Extracted records
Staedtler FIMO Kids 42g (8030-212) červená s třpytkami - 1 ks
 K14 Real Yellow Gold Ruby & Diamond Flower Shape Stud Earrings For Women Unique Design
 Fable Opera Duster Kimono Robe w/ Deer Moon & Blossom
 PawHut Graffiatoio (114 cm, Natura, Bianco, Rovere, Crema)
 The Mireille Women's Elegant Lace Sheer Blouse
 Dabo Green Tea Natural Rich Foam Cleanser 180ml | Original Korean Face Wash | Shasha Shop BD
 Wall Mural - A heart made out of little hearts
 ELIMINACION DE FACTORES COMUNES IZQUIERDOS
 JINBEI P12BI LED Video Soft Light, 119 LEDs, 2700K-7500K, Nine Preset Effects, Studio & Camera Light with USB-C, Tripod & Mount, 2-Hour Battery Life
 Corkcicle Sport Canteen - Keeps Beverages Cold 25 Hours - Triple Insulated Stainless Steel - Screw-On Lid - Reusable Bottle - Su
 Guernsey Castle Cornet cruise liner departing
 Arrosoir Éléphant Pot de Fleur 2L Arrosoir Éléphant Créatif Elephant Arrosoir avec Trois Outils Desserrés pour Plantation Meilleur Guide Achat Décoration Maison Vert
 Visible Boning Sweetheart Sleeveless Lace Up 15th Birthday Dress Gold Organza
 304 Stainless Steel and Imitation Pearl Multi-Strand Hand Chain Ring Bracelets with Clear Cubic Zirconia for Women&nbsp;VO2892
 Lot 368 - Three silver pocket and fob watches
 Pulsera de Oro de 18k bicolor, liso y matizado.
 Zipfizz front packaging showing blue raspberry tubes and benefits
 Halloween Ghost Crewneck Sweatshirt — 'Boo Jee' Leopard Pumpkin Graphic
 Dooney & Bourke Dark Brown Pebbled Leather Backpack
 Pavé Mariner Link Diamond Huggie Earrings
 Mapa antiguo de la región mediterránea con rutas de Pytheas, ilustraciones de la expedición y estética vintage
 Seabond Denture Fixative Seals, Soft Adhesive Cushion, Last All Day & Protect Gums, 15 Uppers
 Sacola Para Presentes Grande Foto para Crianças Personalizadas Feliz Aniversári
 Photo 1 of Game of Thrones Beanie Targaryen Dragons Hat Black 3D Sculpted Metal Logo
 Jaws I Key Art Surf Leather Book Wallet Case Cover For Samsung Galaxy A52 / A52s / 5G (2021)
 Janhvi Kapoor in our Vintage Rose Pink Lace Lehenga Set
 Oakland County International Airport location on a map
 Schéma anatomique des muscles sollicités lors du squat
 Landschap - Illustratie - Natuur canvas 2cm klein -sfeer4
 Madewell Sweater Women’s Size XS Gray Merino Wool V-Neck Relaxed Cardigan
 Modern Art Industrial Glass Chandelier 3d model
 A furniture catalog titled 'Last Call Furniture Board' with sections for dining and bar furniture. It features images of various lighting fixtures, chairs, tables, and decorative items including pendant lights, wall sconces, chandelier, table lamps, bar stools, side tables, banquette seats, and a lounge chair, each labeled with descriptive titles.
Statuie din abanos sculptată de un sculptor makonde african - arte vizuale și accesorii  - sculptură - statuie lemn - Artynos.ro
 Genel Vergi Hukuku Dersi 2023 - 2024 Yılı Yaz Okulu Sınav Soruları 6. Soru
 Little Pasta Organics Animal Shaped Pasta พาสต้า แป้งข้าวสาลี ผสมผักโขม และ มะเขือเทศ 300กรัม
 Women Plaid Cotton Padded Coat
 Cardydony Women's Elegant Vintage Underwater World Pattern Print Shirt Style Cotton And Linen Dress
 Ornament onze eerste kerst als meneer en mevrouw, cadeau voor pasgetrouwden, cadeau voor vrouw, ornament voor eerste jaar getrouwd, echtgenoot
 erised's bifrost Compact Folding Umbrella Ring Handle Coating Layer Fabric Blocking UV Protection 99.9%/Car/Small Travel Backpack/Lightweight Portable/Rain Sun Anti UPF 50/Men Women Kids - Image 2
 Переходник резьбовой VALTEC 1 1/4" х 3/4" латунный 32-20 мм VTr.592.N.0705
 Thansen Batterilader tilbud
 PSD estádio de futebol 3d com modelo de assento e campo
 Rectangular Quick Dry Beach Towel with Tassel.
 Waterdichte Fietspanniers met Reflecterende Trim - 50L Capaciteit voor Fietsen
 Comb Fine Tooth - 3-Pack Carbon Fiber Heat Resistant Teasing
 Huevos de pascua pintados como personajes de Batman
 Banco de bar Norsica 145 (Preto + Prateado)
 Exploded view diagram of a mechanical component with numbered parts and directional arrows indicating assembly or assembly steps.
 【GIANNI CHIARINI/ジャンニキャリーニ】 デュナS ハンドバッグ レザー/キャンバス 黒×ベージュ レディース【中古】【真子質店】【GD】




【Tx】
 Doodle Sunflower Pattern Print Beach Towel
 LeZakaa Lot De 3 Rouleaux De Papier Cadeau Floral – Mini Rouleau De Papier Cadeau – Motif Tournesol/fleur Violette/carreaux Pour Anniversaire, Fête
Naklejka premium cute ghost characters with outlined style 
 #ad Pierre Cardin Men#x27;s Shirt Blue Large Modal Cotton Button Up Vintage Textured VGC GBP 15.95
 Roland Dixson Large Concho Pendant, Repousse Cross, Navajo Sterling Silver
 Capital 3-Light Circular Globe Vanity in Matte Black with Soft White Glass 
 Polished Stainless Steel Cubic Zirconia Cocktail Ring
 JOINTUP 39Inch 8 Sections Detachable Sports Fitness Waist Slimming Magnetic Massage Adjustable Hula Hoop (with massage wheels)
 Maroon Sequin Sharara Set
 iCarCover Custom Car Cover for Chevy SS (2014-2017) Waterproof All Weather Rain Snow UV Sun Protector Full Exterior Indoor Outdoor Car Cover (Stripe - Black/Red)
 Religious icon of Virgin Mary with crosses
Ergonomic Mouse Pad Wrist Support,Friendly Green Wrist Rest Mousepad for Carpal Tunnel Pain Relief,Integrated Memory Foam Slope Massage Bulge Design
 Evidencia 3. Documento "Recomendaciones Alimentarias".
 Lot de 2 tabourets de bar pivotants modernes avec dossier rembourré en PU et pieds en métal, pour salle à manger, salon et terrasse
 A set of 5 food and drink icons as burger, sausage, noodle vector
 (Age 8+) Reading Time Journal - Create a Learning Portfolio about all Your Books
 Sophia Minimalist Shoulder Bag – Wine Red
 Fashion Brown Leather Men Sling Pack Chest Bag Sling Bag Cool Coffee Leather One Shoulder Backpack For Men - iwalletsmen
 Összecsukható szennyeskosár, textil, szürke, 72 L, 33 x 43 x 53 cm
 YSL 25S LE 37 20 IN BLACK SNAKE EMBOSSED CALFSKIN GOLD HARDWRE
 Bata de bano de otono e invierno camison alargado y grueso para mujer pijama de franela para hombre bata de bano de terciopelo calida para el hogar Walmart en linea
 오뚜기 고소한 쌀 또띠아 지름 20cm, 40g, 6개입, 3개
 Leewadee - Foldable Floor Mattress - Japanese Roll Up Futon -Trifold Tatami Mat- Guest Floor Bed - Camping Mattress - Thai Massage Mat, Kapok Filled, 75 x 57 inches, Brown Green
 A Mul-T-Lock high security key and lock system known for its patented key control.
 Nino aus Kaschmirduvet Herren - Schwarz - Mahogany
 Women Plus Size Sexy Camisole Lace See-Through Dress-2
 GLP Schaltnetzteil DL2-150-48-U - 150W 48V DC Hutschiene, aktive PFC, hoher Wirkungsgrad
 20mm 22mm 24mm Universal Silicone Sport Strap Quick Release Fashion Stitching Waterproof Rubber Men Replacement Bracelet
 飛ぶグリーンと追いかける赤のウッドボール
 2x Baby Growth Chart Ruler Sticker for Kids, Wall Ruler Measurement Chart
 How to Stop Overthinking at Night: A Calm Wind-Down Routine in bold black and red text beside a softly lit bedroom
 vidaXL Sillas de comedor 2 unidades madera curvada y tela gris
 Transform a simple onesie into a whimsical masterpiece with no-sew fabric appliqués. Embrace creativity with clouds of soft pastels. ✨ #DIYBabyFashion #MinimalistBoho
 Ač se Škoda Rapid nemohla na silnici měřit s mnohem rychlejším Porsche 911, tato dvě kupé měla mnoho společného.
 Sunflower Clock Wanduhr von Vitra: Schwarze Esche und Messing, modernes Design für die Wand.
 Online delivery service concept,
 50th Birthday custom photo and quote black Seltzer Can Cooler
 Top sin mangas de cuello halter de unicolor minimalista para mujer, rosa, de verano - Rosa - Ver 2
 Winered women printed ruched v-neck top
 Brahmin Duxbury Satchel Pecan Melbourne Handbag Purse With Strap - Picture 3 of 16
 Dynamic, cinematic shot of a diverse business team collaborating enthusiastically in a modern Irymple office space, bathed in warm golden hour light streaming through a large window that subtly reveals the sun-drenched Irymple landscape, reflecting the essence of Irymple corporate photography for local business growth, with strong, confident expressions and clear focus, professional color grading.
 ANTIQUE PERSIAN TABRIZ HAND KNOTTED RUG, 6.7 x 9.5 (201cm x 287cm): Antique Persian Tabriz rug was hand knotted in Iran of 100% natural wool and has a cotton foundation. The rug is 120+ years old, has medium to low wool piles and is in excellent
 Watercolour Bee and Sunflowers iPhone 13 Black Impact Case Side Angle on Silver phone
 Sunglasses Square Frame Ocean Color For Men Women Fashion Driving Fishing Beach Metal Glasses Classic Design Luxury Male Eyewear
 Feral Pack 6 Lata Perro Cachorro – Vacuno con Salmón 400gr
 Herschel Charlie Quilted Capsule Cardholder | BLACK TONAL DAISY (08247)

## [The problem]
From the records above, repeat exactly the lines from the one with "Sophia Minimalist Shoulder Bag – Wine Red" through the one with "Women Plus Size", both included.

## [Task response]
 Sophia Minimalist Shoulder Bag – Wine Red
 Fashion Brown Leather Men Sling Pack Chest Bag Sling Bag Cool Coffee Leather One Shoulder Backpack For Men - iwalletsmen
 Összecsukható szennyeskosár, textil, szürke, 72 L, 33 x 43 x 53 cm
 YSL 25S LE 37 20 IN BLACK SNAKE EMBOSSED CALFSKIN GOLD HARDWRE
 Bata de bano de otono e invierno camison alargado y grueso para mujer pijama de franela para hombre bata de bano de terciopelo calida para el hogar Walmart en linea
 오뚜기 고소한 쌀 또띠아 지름 20cm, 40g, 6개입, 3개
 Leewadee - Foldable Floor Mattress - Japanese Roll Up Futon -Trifold Tatami Mat- Guest Floor Bed - Camping Mattress - Thai Massage Mat, Kapok Filled, 75 x 57 inches, Brown Green
 A Mul-T-Lock high security key and lock system known for its patented key control.
 Nino aus Kaschmirduvet Herren - Schwarz - Mahogany
 Women Plus Size Sexy Camisole Lace See-Through Dress-2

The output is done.